TASK BRIEF
Restate the data below word for word, omitting pictures.

DATASET SECTION
+--
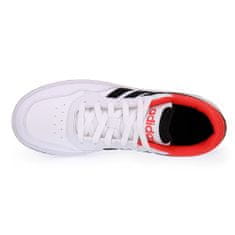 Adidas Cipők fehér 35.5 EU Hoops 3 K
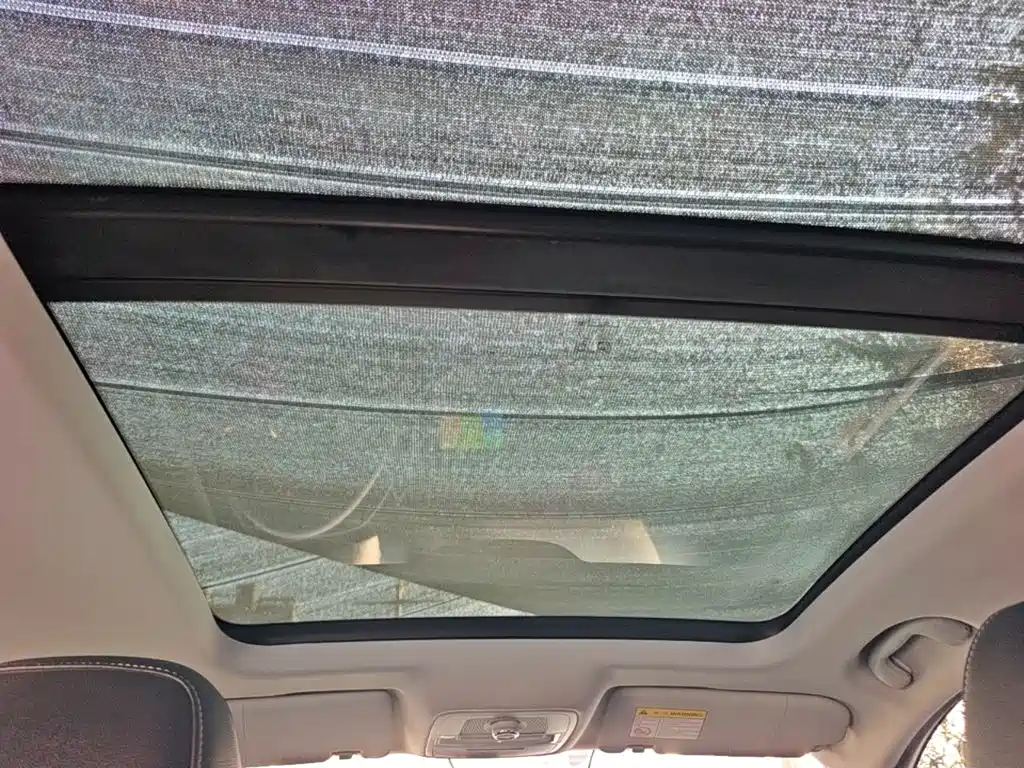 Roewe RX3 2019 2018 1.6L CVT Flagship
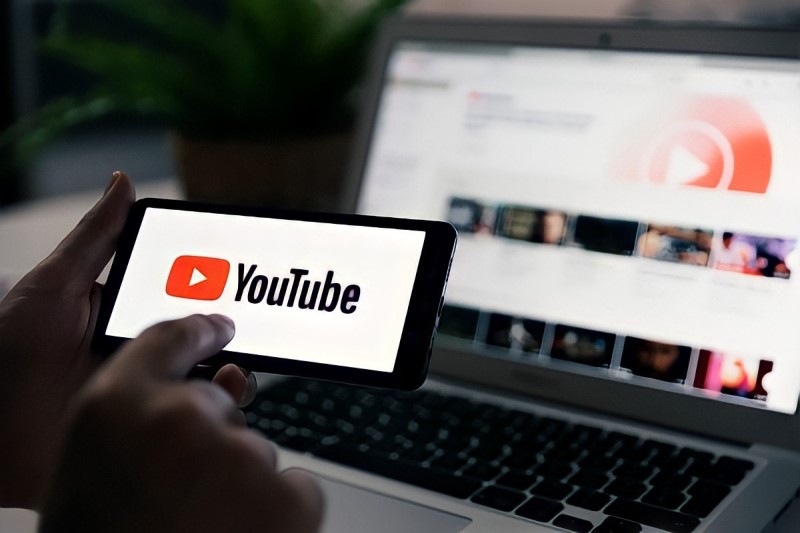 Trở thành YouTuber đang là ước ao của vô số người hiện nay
+--
RESULT OF THIS EXERCISE
 Adidas Cipők fehér 35.5 EU Hoops 3 K
 Roewe RX3 2019 2018 1.6L CVT Flagship
 Trở thành YouTuber đang là ước ao của vô số người hiện nay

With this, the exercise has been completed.